Wednesday, 11 December 2013

Christmas in Australia

If any event should bring offense to a secular, multicultural country, it should be Christmas.

Here, we focus on the birth of the Son of God, the one who comes to provide salvation. The event calls for people to respond by worshipping the newborn king. (Just in case you missed it, Christmas claims that Jesus is God, that He is the authority on heaven, that we are sinners who need saving and that we can’t live as however we choose). So why aren’t people offended?

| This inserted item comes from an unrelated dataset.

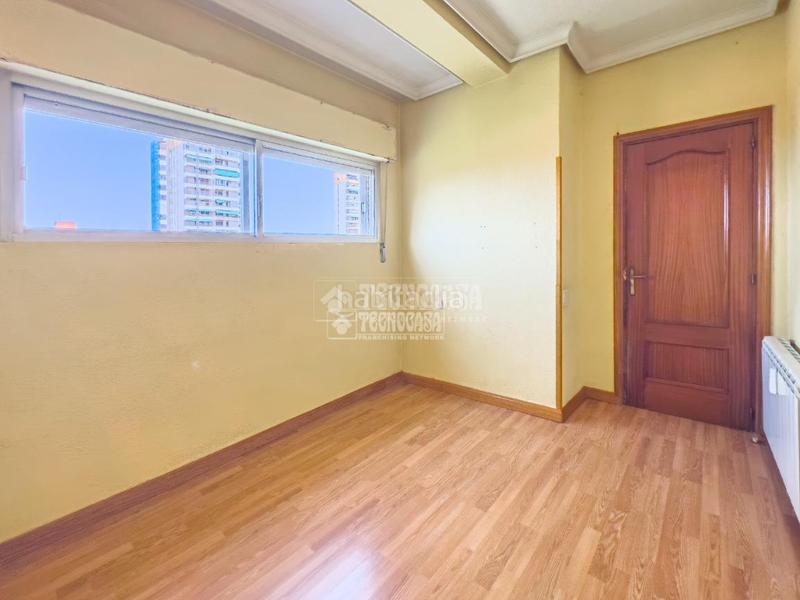 Foto 37ea31c8-cf9f-4278-9811-4565e82003e4. Appartamento con riscaldamento parcheggio in Santa María de Benquerencia Toledo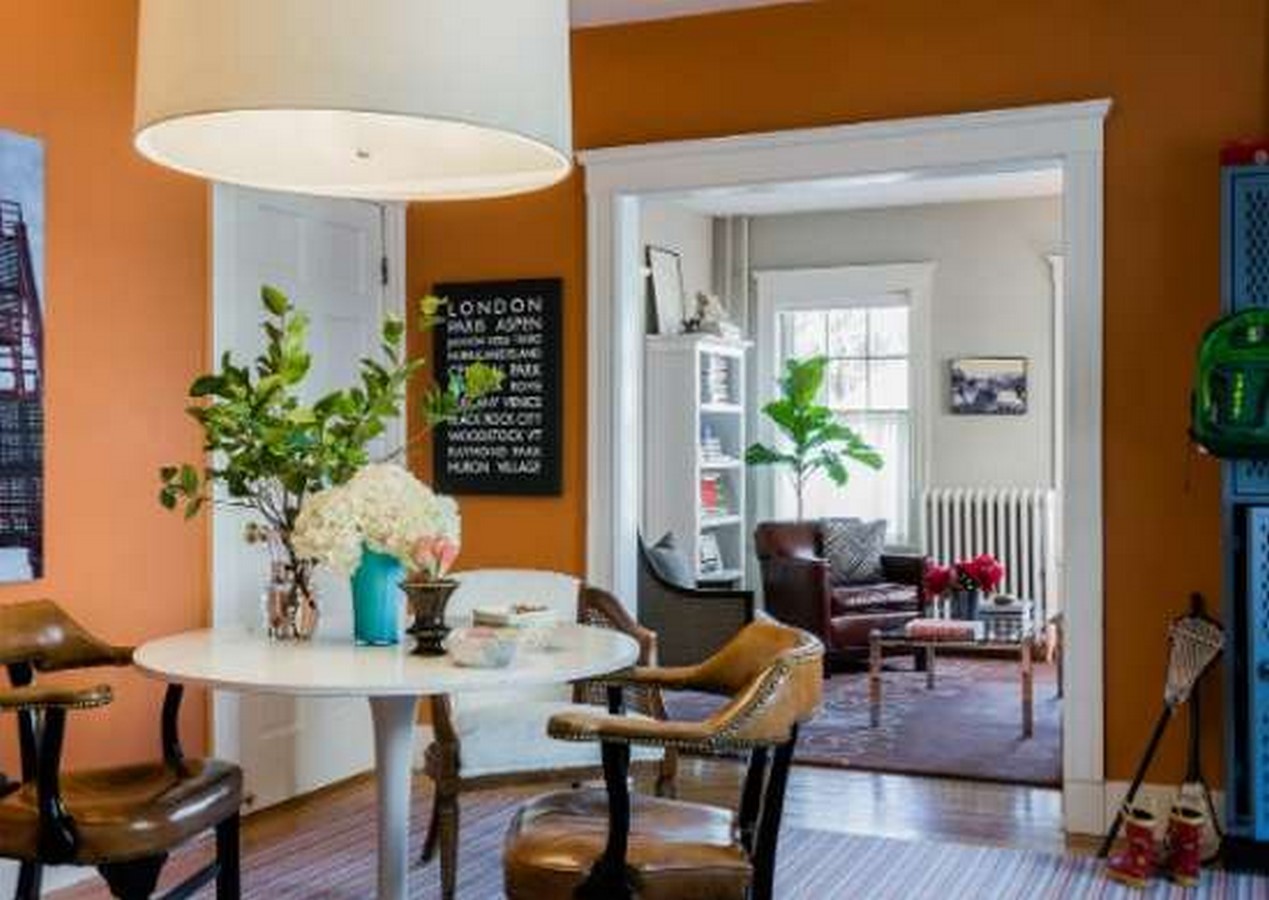 Bolder shades in one room and lighter shades in the next ©Terrat Elms Interior Design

I think it’s because Australians have the capacity to reinterpret cultural events. Take the Queen’s birthday or Labour Day. Christmas is celebrated because of the significance it brings to Australians.  Let me outline what I think Christmas means to Australians:

1) Time to get out
Summer starts in December, but it is a busy month. It’s only as Christmas draws near that we take advantage of daylight savings. I think this is why external Christmas lights have become popular. They invite people to go out after dinner and walk around the neighbourhood (Carols events also get people out).

2) Time to catch up
Australians try and fit a lot into their lives, often at the sacrifice of relationships. Christmas provides the space where we can catch up with family and friends and express our appreciation for the relationships we enjoy.

3) Time to look forward
After the winter months, the helter skelter of November, we can finally lift our heads above the daily grind. We can start to think about the year ahead. More importantly, we cast our eyes forward with a positive anticipation of what could be (what political campaigns fail to do, Christmas delivers).

So that is the focus of Christmas in Australia, and it means that any Australian can embrace it. Dick Gross commented that the “God of Sun, not the Son of God, is at the heart of the Aussie Christmas.” SMH December 12th, 2013.

As nice as this is, I think it lacks. The Australian Christmas gives us hope (which motivates us to get up and get out) but lacks substance. I remember thinking that 2012 was bad (hurricane Sandy, Pakistan floods) and that this year would be better. But then I reflected on this year- the Blue Mountains bushfires, Typhoon Haiyan, Sichuan earthquake, Boston Marathon Bomb, Newtown shooting in US, Textiles company in Bangladesh… and I could go on.

We hope for a better year, but with no reason to think it would be any different. The Sun God rises and sets. Things go on as they always have.

The hope of Christmas is that the Son of God has come to change things. He has come to bring a new creation without the disaster, death and disease we see each year. He hasn’t returned yet, allowing as many people as possible will place their trust in Him, and find their home in the kingdom of God.

This Christmas, don’t reinterpret hope. Embrace it.